## SUPPLIED ENTRIES

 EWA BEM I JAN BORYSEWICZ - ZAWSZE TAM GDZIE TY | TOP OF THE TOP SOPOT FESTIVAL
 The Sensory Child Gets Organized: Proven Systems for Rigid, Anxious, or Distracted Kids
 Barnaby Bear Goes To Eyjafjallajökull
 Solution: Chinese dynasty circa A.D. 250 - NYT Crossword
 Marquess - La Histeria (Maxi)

...

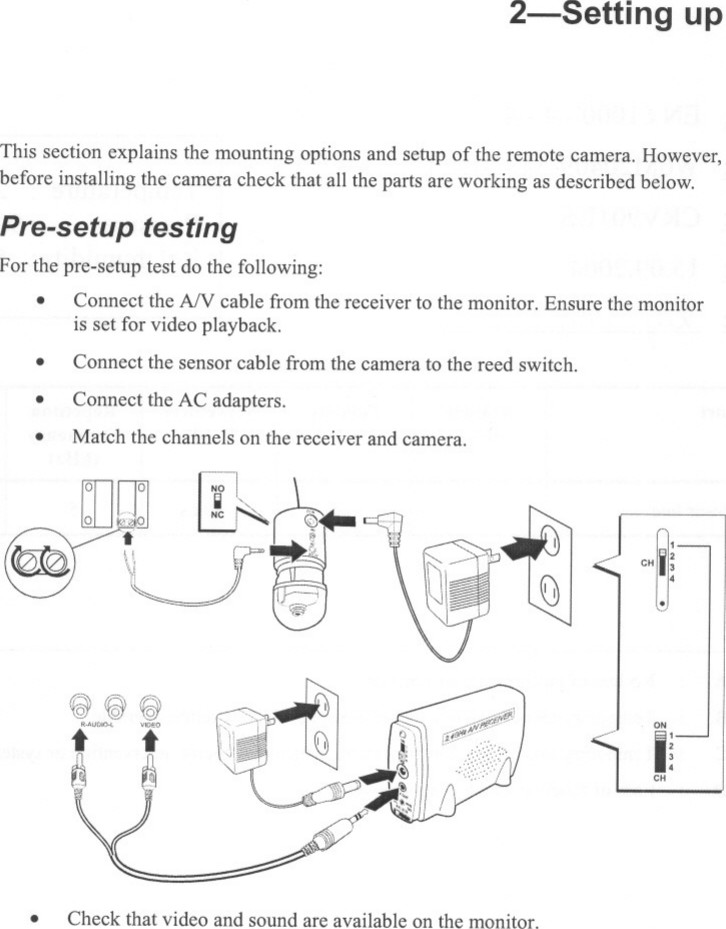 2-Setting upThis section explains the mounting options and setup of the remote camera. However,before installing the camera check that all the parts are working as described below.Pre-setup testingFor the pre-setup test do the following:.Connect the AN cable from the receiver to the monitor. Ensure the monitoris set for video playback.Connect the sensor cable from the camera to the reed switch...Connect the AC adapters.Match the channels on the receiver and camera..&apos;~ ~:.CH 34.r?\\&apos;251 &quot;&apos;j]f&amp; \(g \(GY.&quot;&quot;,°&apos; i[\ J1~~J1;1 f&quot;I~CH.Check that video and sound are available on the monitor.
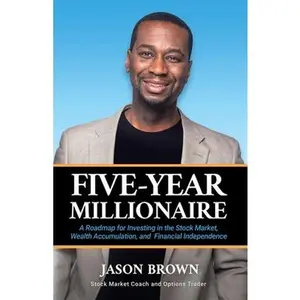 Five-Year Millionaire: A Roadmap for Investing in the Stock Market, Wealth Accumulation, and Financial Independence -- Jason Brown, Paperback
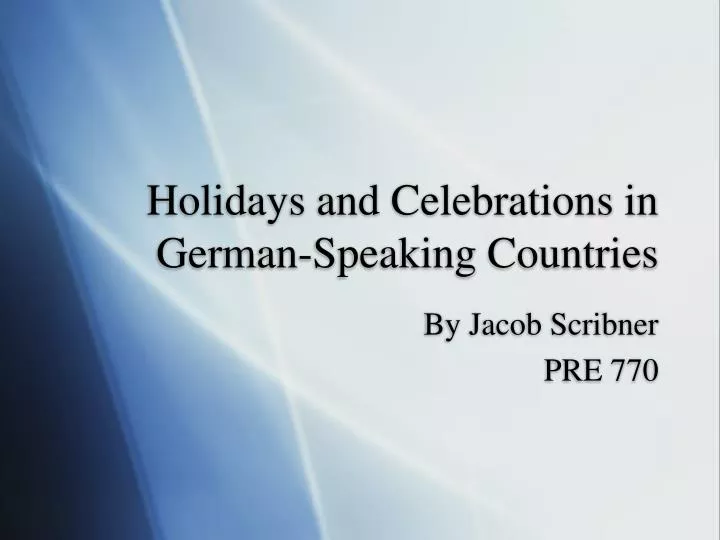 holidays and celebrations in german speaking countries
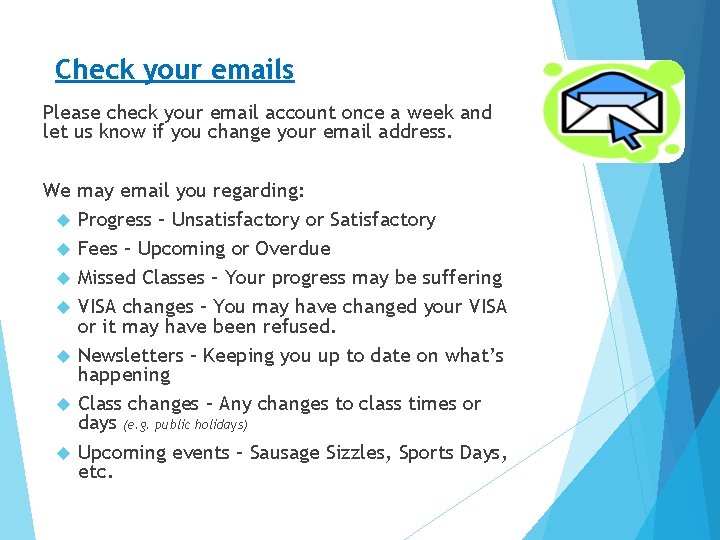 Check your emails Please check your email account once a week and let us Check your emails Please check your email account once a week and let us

## WORK ORDER
Where the data above reaches the line holding "EWA BEM I JAN", begin printing, and stop after the line holding "Marquess - La Histeria (Maxi)". Each line must be reproduced exactly, with nothing else added.

## EXPECTED ANSWER
 EWA BEM I JAN BORYSEWICZ - ZAWSZE TAM GDZIE TY | TOP OF THE TOP SOPOT FESTIVAL
 The Sensory Child Gets Organized: Proven Systems for Rigid, Anxious, or Distracted Kids
 Barnaby Bear Goes To Eyjafjallajökull
 Solution: Chinese dynasty circa A.D. 250 - NYT Crossword
 Marquess - La Histeria (Maxi)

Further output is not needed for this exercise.